A group of 13 lawyers and activists who were researching potential litigation against the Tanzanian government has been illegally detained for promoting homosexuality. The group was set to discuss a case about the government’s ban on HIV and AIDS centers when police took them into custody on October 17.
The group included three South African and Ugandan lawyers working for the Initiative for Strategic Litigation in Africa (ISLA), nine activists with the Community Health and Education Services and Advocacy, which is a Tanzanian sex workers’ rights organization, and the manager of the hotel where the arrest took place.
The lawyers were initially released on bail. The next day, however, police issued a statement reporting that 13 people had been arrested for promoting homosexuality. The lawyers’ bail was later revoked. All 13 people have been held without charge since.
ISLA spokesperson Matilda Lasseko said, “The reality is that, if [the South Africans]broke any laws, they would’ve been charged already. What is happening now is illegal – the country is on a witch-hunt against our people.”
Lawyers for the Human Rights Commission claimed the reasoning behind the arrest was “disingenuous, given that the Tanzanian police were in possession of a concept note and agenda for the legal consultation meeting.”
There is no law explicitly prohibiting homosexuality in Tanzania; however, the government has increased measures against it this year.

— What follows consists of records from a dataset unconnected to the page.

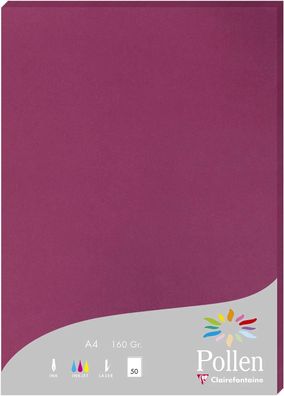 Clairefontaine Pollen Papier Himbeerrosa 160g/m² DIN-A4 50 Blatt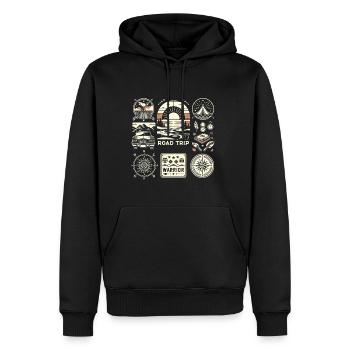 Road Trip Warrior 6 - Männer Premium Bio Hoodie - Schwarz - Vorne - Nico (187cm)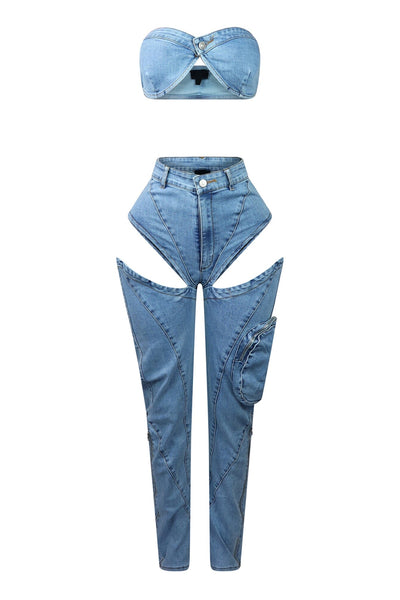 Velvsy Boss Babe Denim Tube Top & Cut Out Pants SET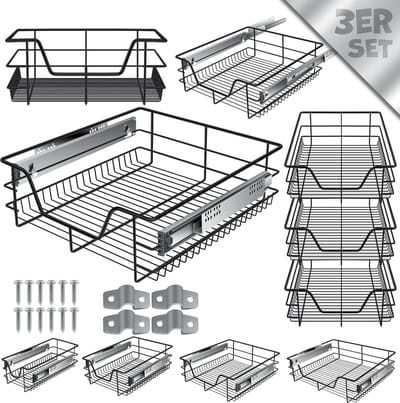 KESSER® Keukenlade / Telescopische lade / Keukenkast / Mand uittrekbaar / Kast uittrekbaar / Volledig uittrekbaar / Lade - 3x 50cm - Zwart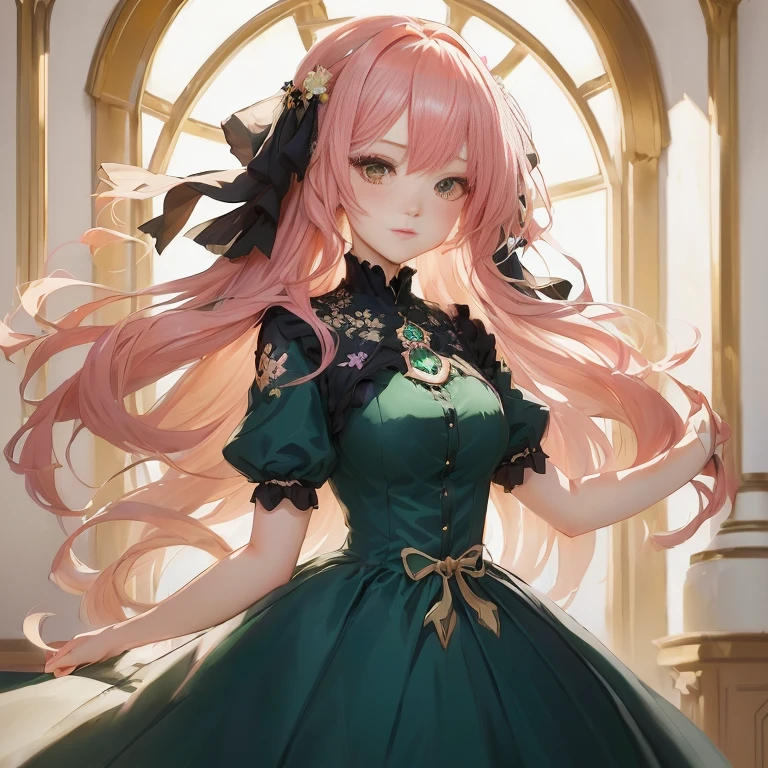anime girl with long pink hair wearing a green dress, cute anime waifu in a nice dress, in dress, guweiz on pixiv artstation, beautiful anime portrait, trending on artstation pixiv, shadowverse style, anime girl wearing a black dress, portrait of lolita, anime girl with long hair, 8k high quality detailed art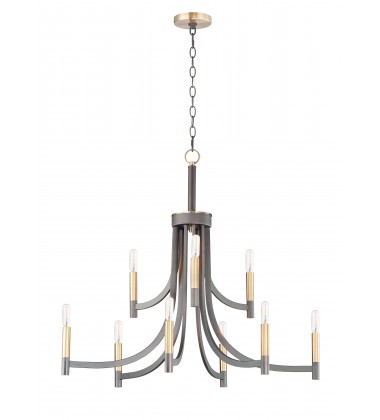 Lyndon 9-Light Chandelier-(21529BZAB)-Maxim Lyndon 9-Light Chandelier-(21529BZAB)-Maxim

In February, the government ordered private health centers to stop providing HIV and AIDS services, claiming they promote homosexual activities. After that, several popular newspapers published anti-gay editorials. Most recently, in a speech before Parliament in September, the country’s Deputy Health Minister Hamisi Kingwangalla vowed to “fight with all [his]strength against groups supporting homosexuality in our country.”
James Wandera Ouma, the director of LGBT Voice Tanzania, one of the few registered Tanzania pro-LGBT groups, explained that it has become more difficult for the group to operate. “We haven’t been able to organize meetings because everyone is afraid of what will happen…. People think, ‘If I go to this office, the police might come and arrest me,’” said Ouma.